What are the links to existing research?

1. Explore sequence.xyz: https://sequence.xyz/blog/compressing-calldata

2. L2 Calldata Optimization Contract: https://github.com/ScopeLift/l2-optimizoooors

3. Rollups based on proof of validity (aka ZK rollups) publish state differences instead of transactions: https://ethresear.ch/t/rollup-diff-compression-application-level-compression-strategies-to-reduce-the-l2-data-footprint-on-l1/9975

4. BLS Wallet - BLS aggregation via ERC-4337: https://github.com/getwax/bls-wallet

What else needs to be done, and what are the tradeoffs?

The main thing to do next is to actually implement the above scheme. The main tradeoffs include:

1. Switching to BLS signatures requires a lot of effort and reduces compatibility with trusted hardware chips that can enhance security. ZK-SNARK wrappers of other signature schemes can be used instead.

2. Dynamic compression (e.g., replacing addresses with pointers) complicates client code.

3. Publishing state differences to the chain instead of transactions reduces auditability and makes many software (e.g., block browsers) inoperable.

How does it interact with other parts of the roadmap?

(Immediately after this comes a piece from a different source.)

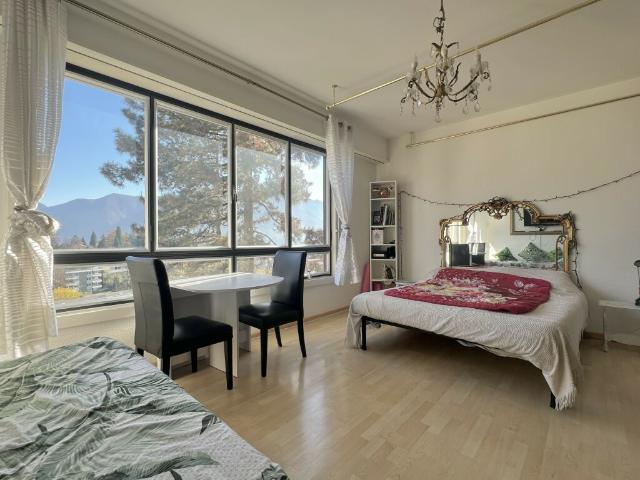 AFFITTASI ELEGANTE 1.5 LOCALI CON VISTA APERTA A LUGANO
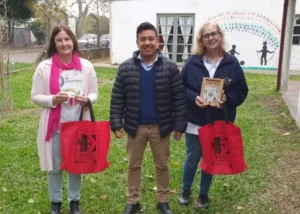 Entrega de Libros a las Escuelas de Arroyo Barú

Adopting ERC-4337 and eventually incorporating parts of it into the L2 EVM can greatly speed up the deployment of aggregation technology. Putting parts of ERC-4337 on L1 can speed up its deployment on L2.

Generalized Plasma

What problem are we solving?

Even with 16MB blobs and data compression, 58,000 TPS may not be enough to fully meet the needs of consumer payments, decentralized social, or other high-bandwidth areas, especially when we start to consider privacy factors, which may reduce scalability by 3-8 times. For high-transaction volume, low-value use cases, one current option is to use Validium, which stores data off-chain and adopts an interesting security model: operators cannot steal users' funds, but they may temporarily or permanently freeze all users' funds. But we can do better.

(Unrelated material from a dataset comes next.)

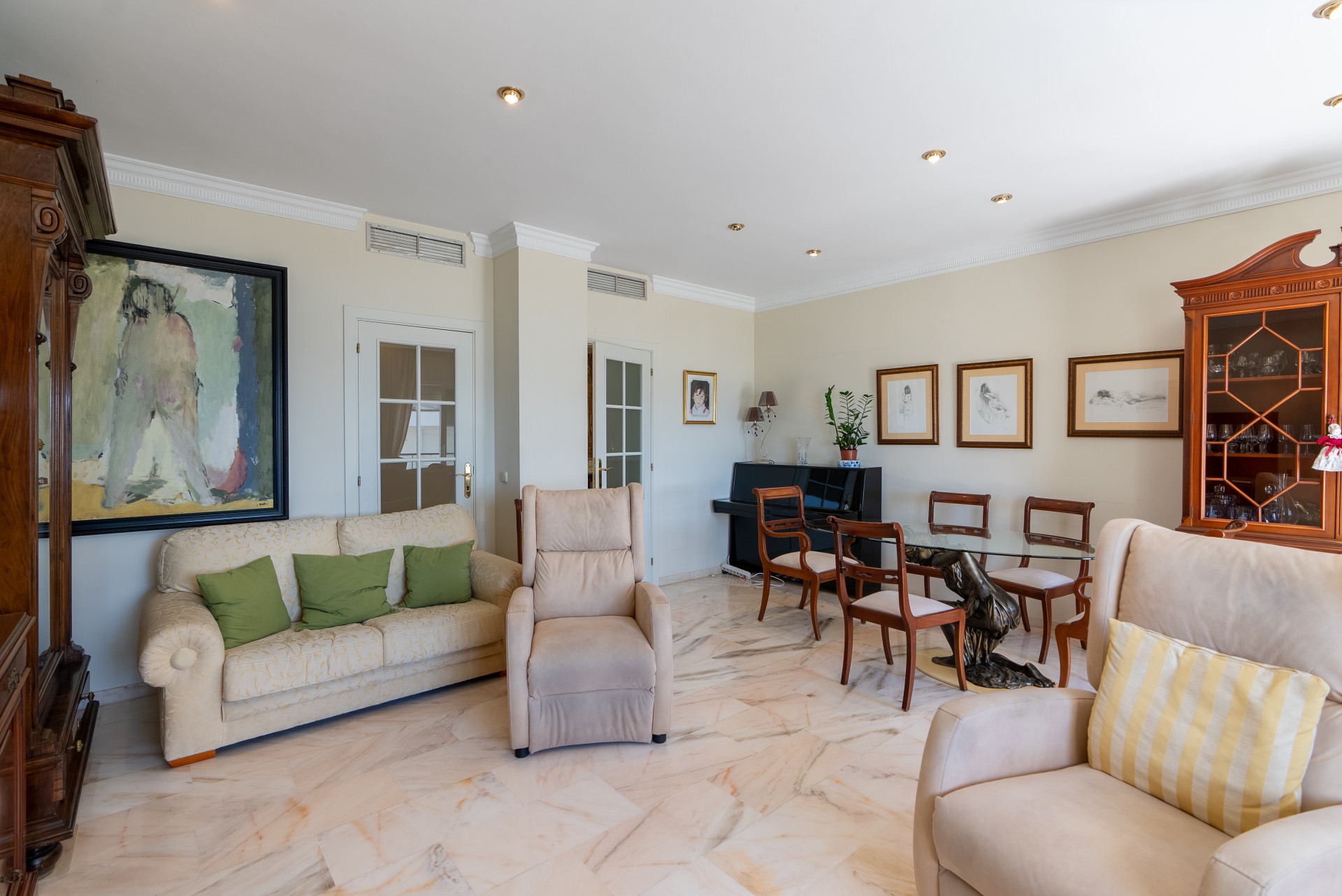 3 Bedroom Apartment in Estepona - Photo 17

What is it and how does it work?

Plasma is a scaling solution that involves an operator publishing blocks off-chain and putting the Merkle roots of those blocks on-chain (unlike Rollup, which puts the full blocks on-chain). For each block, the operator sends each user a Merkle branch to prove what has, or has not, changed to that user's assets. Users can withdraw their assets by providing a Merkle branch. Importantly, this branch does not have to be rooted at the latest state. Therefore, even if there is a problem with data availability, users can still recover their assets by extracting the latest state available to them. If a user submits an invalid branch (for example, withdrawing an asset they have already sent to someone else, or the operator creates an asset out of thin air), the legal ownership of the asset can be determined through an on-chain challenge mechanism.

Plasma Cash chain diagram. A transaction that spends coin i is placed at the i-th position in the tree. In this example, assuming all previous trees are valid, we know that Eve currently owns token 1, David owns token 4, and George owns token 6.

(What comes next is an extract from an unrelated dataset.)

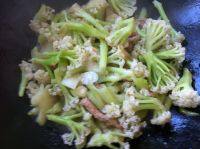 家常菜有机菜花炒肉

Early versions of Plasma were only able to handle the payments use case and could not be effectively generalized further. However, if we require that every root be verified with a SNARK, then Plasma becomes much more powerful. Each challenge game can be greatly simplified because we rule out most of the possible paths for the operator to cheat. At the same time, new paths are opened up that allow Plasma technology to scale to a wider range of asset classes. Finally, in the case where the operator does not cheat, users can withdraw their funds immediately without having to wait for a week-long challenge period.

One way to make an EVM Plasma chain (not the only way): use ZK-SNARK to build a parallel UTXO tree that reflects the balance changes made by the EVM and defines a unique mapping of the "same token" at different points in history. Then you can build a Plasma structure on top of it.

A key insight is that Plasma systems do not need to be perfect. Even if you can only protect a subset of assets (for example, just tokens that have not moved in the past week), you have greatly improved the status quo of the current hyper-scalable EVM (ie Validium).

Another class of structures is a hybrid Plasma/Rollup, such as Intmax. These constructions put very small amounts of data per user on-chain (e.g., 5 bytes), and in doing so achieve properties somewhere in between Plasma and Rollup: in the case of Intmax, you get very high scalability and privacy, though even at 16MB you’re theoretically limited to about 16,000,000 / 12 / 5 = 266,667 TPS.

What are some links to existing research?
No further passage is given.